Sì, va bene, ma consultando gli articoli pubblicati precedentemente in tema, ciò non è stato mai scritto ne proposto all’intelligenza dei lettori in qualsiasi modo: si chiamerebbe lealtà verso coloro che hanno la pazienza di consultare le pagine sulle quali vengono proposte tali notizie, oltreché completezza d’informazione, cosa che dovrebbe essere un punto cardine della deontologia giornalistica tout court.
(Con il sorriso sulle labbra): “Se non è stato scritto… ci sarà un perché. Tu se vuoi puoi riferirlo, non dici il falso perché è da regolamento”, come dire: fa parte dello spettacolo.

Al che chi sta proponendo il presente ed a questo punto più che elementarmente scontato resoconto, con evidente costernazione ha espressamente ribattuto che questo comportamento si chiama Mafia e per tutta risposta dalla persona interlocutrice è arrivata qualcosa di sconcertante anche se chiaramente prevedibile.
“paradossalmente, quello che tu definisci Mafia l’hanno ribaltato sulla squadra che ha solo fatto il suo dovere, facendo passare per comportamento criminale il fatto che le ragazze vincevano e nessuno potesse fermarle”.

Ribadito che la questione sarebbe stata ripresa in questo scritto e salutata la persona che ha ‘funto da fonte’, non resta altro da fare che considerare ipoteticamente (chissà quanto) che la RISOLUZIONE CONTRATTO MAGNOLIA ZALA ŠROT, approssimativamente avvenuta a metà marzo scorso, sia da attribuire all’intelligente comportamento della ragazza slovena che compreso il fatto di non poter mai sfondare partendo da Campobasso e dalla Magnolia, ha preferito scappare da una regione dove persino i colori sportivi vengono trattati alla stessa stregua di dipendenti da sfruttare, nel caso specifico come esclusivi portatori di pubblicità per industrialotti che evidentemente sono talmente miopi da non comprendere che soprattutto nello sport, chi si mette in gioco lo fa per raggiungere i propri obiettivi, innanzitutto di personale libertà e tornaconto. A nulla vale il prestito delle giocatrici a club di serie superiore “per farle crescere” perché le ragazze non hanno necessariamente il dovere psicologico d’essere assoggettate a chi, detenendone il cartellino, pensa che quelle siano sue dipendenti delle quali disporre a proprio piacimento.
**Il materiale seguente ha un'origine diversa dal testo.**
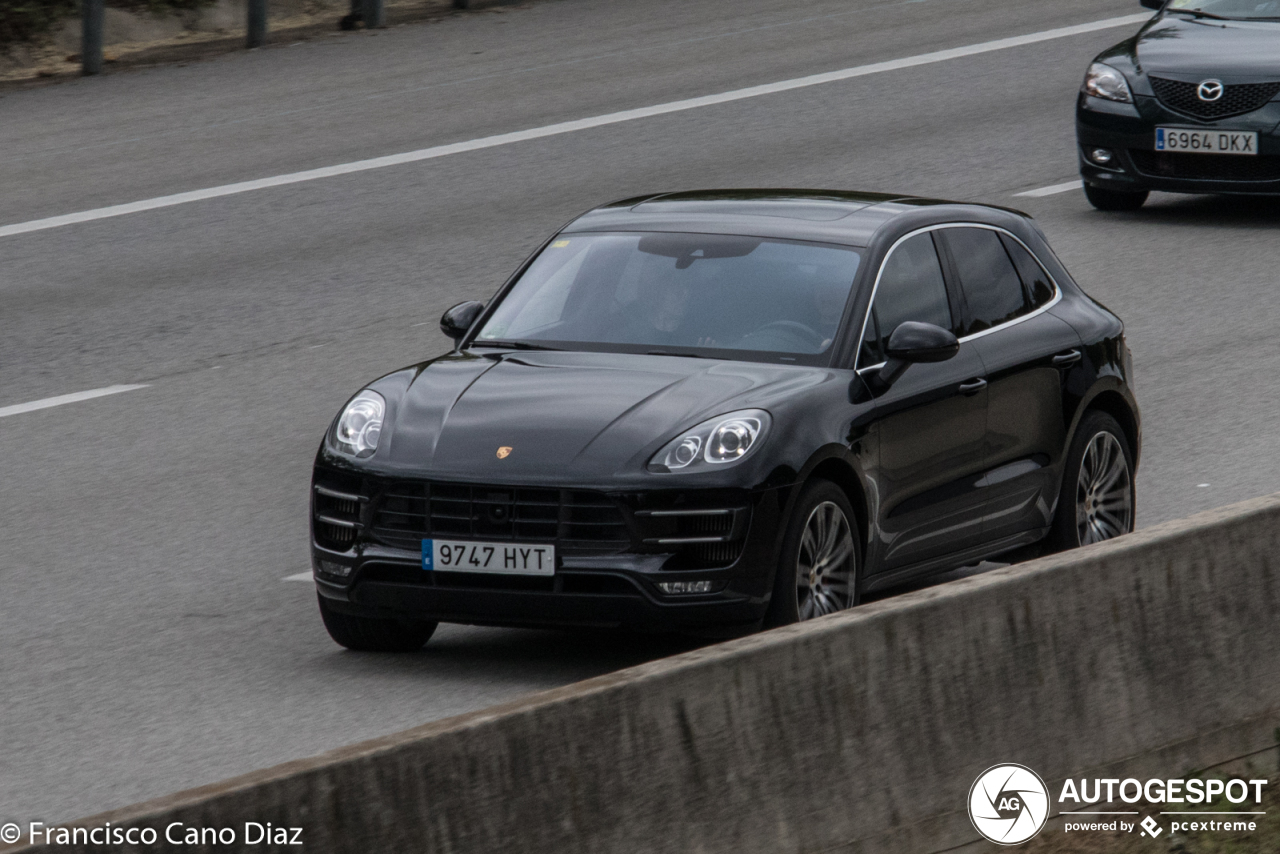 Porsche 95B Macan Turbo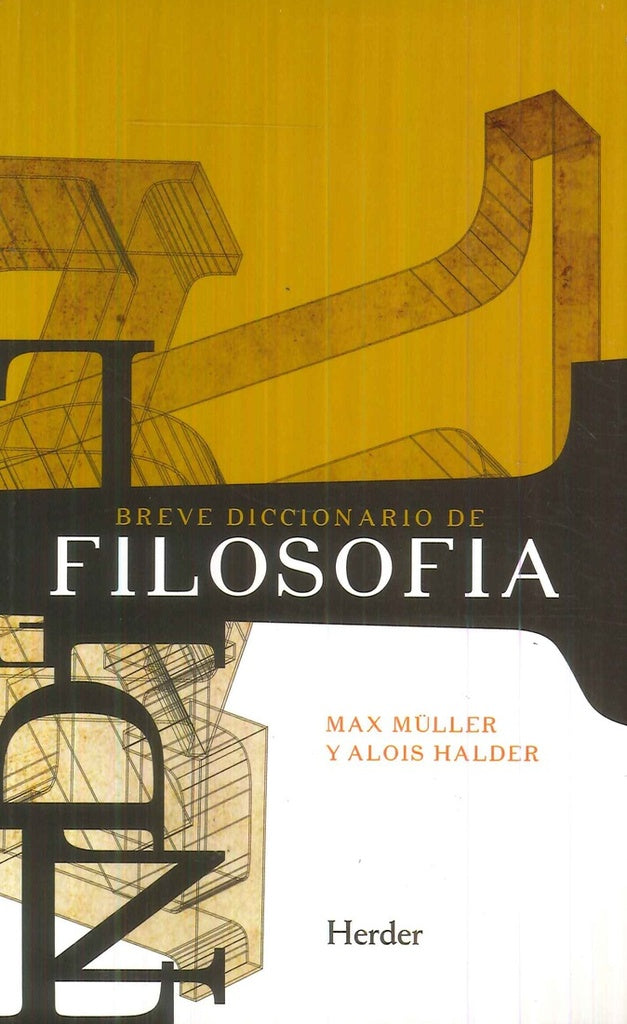 BREVE DIC,DE FILOSOFIA | MÜLLER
Tal cosa, se i ‘patron’ locali l’avessero ben chiara in mente, (al di là del poter essere di gran lunga superiori anche a formazioni come Venezia, Schio o Bologna) li porterebbe a creare un’altro gruppo, con un nome diverso e colori altrettanto variati, società messa in mano al prestanome di famiglia (se non a qualcuno più capace di far fruttare questa gallina dalle uova d’oro), nucleo nato per rendere anche per la ‘fabbrichetta di maccheroni’ il cui nome verrebbe portato furbamente ancora più in alto e col tempo, magari non più insultato sulla base del suo inqualificabile oltreché immarcescibile, ma soprattutto gretto provincialismo.

Risultato Finale: Il Molise Non Esiste Ed E’ Pure Masochista! Prendetela ‘Sportivamente’.